Your objective
Among the entries, find each line that includes the string "number" and list it.

── Supplied material

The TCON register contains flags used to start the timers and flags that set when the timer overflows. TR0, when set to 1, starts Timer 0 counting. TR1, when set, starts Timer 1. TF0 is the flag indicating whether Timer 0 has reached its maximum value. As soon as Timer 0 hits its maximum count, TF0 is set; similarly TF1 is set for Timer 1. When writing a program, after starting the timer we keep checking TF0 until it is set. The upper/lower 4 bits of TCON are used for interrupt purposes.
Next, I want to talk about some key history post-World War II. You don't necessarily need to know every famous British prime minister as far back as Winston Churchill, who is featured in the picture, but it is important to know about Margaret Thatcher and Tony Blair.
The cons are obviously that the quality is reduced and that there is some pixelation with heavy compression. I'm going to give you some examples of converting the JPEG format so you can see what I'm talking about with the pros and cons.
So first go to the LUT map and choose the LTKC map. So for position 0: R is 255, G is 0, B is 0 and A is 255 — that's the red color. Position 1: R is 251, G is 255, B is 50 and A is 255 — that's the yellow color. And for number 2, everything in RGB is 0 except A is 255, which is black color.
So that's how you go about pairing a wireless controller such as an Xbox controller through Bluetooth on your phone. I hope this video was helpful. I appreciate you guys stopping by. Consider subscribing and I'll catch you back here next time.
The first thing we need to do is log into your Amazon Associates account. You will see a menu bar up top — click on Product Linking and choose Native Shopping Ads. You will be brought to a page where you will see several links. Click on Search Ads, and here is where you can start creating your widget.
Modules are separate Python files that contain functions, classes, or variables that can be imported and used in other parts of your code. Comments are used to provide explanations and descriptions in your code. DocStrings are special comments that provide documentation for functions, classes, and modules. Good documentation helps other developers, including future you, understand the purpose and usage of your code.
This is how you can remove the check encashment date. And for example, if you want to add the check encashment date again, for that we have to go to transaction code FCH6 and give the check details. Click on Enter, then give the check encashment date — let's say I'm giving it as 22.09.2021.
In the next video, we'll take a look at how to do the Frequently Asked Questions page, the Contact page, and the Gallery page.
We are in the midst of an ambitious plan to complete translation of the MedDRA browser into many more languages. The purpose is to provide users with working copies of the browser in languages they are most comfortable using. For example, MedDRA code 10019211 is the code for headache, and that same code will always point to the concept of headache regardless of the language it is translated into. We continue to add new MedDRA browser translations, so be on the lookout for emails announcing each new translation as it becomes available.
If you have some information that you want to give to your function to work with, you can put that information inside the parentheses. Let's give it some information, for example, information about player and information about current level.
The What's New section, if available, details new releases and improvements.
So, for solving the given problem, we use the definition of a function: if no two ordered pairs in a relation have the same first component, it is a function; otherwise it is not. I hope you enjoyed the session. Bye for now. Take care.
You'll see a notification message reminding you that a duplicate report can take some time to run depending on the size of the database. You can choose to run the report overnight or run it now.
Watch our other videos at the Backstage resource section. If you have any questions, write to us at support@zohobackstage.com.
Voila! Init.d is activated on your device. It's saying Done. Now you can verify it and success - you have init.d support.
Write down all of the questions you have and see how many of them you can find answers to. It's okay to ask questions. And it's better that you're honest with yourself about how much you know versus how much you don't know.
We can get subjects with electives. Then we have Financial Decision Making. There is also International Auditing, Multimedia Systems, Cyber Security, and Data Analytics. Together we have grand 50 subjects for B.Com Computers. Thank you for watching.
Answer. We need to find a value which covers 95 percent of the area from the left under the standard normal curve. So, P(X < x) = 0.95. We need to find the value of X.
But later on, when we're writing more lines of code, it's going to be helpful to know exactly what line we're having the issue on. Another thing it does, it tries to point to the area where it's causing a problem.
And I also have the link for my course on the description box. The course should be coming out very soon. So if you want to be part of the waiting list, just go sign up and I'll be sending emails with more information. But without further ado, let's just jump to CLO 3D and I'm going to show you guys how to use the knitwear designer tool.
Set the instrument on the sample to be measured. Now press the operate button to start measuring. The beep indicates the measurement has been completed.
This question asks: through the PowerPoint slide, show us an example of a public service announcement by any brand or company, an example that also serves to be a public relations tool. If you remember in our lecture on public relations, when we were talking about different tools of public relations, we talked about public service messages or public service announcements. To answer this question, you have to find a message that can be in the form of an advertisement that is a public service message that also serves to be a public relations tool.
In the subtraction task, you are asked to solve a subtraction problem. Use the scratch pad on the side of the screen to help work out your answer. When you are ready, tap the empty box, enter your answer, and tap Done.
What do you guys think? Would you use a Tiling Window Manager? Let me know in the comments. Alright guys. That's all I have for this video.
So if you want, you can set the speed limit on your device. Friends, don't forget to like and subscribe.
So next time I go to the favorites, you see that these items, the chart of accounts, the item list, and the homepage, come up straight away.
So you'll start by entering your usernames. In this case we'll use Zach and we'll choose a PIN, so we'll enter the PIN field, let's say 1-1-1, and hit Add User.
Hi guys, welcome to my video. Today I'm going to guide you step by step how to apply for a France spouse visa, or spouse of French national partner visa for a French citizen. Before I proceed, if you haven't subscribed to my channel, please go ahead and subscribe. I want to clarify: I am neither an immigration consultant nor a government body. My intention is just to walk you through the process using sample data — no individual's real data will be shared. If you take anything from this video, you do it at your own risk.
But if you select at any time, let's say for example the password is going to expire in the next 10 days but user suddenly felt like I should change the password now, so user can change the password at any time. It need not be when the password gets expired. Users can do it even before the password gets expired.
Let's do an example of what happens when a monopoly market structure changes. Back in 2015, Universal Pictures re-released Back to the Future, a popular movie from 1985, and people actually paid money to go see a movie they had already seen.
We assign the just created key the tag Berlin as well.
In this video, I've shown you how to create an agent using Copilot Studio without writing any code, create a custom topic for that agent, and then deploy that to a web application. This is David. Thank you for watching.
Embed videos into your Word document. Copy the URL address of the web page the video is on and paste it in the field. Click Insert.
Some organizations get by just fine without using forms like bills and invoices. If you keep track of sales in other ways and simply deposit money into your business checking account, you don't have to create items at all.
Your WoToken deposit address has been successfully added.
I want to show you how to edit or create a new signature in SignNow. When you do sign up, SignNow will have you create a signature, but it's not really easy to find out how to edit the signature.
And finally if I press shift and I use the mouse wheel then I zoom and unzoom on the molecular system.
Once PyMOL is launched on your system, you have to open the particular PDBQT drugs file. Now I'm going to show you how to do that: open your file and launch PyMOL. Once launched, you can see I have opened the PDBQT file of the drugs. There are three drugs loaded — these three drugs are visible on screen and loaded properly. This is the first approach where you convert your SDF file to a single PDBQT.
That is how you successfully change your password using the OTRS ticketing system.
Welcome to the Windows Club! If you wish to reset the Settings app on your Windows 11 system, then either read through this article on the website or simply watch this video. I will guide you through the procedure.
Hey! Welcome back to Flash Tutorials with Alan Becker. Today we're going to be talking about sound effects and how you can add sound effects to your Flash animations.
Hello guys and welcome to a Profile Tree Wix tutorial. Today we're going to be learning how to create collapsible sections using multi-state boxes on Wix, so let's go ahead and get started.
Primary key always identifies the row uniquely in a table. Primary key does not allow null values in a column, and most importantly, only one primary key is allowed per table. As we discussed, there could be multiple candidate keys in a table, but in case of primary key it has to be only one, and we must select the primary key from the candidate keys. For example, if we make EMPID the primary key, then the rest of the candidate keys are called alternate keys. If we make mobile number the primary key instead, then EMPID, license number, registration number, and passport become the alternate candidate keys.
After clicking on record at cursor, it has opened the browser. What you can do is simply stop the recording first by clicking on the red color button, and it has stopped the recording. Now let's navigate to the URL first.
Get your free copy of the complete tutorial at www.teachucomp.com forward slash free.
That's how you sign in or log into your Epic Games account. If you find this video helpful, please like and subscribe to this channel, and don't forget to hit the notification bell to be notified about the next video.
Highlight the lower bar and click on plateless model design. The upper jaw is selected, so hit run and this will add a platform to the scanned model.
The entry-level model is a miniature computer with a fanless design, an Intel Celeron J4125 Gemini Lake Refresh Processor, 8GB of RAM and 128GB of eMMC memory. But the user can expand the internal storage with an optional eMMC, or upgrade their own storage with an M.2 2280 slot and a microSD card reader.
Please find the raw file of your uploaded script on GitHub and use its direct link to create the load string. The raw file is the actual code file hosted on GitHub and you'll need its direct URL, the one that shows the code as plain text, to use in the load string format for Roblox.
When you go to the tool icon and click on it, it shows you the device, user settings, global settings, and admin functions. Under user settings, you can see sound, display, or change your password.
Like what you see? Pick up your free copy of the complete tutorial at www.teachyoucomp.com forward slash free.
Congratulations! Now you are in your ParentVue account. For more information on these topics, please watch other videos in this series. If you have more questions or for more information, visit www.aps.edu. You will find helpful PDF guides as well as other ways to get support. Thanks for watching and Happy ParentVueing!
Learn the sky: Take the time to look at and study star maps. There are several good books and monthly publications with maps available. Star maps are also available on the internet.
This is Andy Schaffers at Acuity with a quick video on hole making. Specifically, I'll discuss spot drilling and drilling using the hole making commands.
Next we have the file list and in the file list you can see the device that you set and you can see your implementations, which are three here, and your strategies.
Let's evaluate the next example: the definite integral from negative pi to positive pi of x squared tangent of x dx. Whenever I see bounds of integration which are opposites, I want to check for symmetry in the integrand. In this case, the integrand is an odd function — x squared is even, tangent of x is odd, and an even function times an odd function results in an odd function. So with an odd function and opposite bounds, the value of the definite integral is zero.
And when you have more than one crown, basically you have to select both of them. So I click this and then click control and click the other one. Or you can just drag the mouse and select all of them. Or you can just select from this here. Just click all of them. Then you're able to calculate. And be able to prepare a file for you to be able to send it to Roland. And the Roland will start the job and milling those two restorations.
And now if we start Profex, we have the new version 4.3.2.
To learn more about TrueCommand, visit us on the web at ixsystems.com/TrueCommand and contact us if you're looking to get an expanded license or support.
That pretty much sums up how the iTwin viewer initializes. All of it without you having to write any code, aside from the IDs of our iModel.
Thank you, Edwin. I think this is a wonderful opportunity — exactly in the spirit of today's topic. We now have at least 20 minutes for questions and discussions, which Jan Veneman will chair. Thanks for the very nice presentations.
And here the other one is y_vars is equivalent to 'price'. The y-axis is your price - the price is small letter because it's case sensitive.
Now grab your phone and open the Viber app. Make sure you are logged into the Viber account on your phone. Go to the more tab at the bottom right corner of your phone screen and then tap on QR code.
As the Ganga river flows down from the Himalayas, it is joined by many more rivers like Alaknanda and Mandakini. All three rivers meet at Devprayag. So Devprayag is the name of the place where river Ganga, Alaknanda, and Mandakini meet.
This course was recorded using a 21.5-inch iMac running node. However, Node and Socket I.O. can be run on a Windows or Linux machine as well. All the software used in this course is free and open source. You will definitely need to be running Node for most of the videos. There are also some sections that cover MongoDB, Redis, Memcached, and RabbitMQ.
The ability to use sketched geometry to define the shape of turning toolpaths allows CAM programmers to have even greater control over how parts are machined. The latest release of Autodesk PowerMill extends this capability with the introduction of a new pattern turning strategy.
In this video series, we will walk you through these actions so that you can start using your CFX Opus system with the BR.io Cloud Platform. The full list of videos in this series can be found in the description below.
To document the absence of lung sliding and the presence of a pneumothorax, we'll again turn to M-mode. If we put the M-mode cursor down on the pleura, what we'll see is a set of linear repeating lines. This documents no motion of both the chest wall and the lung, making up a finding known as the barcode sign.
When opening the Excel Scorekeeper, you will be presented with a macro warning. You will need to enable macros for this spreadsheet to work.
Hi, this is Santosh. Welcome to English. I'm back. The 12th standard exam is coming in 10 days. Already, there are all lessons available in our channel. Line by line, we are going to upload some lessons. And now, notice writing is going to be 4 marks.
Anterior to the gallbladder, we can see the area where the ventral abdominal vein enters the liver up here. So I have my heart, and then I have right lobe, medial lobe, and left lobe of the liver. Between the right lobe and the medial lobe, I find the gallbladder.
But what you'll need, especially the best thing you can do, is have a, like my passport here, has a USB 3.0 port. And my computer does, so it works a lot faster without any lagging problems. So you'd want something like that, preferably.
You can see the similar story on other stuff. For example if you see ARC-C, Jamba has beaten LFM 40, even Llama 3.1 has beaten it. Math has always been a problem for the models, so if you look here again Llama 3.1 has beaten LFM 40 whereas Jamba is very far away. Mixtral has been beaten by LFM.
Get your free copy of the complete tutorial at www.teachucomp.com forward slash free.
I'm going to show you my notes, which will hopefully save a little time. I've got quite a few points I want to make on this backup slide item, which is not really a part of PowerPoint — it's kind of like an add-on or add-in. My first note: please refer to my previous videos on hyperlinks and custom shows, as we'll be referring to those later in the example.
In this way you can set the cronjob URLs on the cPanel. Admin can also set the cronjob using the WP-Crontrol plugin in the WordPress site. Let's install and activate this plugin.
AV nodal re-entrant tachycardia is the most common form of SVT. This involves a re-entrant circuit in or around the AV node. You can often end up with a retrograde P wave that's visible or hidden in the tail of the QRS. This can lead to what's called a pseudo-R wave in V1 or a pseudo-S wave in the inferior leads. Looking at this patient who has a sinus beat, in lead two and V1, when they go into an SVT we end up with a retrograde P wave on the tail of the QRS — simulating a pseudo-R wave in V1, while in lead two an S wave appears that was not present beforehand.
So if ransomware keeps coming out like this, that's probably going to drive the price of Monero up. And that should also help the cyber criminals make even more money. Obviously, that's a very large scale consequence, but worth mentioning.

────

Reply to the task
So first go to the LUT map and choose the LTKC map. So for position 0: R is 255, G is 0, B is 0 and A is 255 — that's the red color. Position 1: R is 251, G is 255, B is 50 and A is 255 — that's the yellow color. And for number 2, everything in RGB is 0 except A is 255, which is black color.
Primary key always identifies the row uniquely in a table. Primary key does not allow null values in a column, and most importantly, only one primary key is allowed per table. As we discussed, there could be multiple candidate keys in a table, but in case of primary key it has to be only one, and we must select the primary key from the candidate keys. For example, if we make EMPID the primary key, then the rest of the candidate keys are called alternate keys. If we make mobile number the primary key instead, then EMPID, license number, registration number, and passport become the alternate candidate keys.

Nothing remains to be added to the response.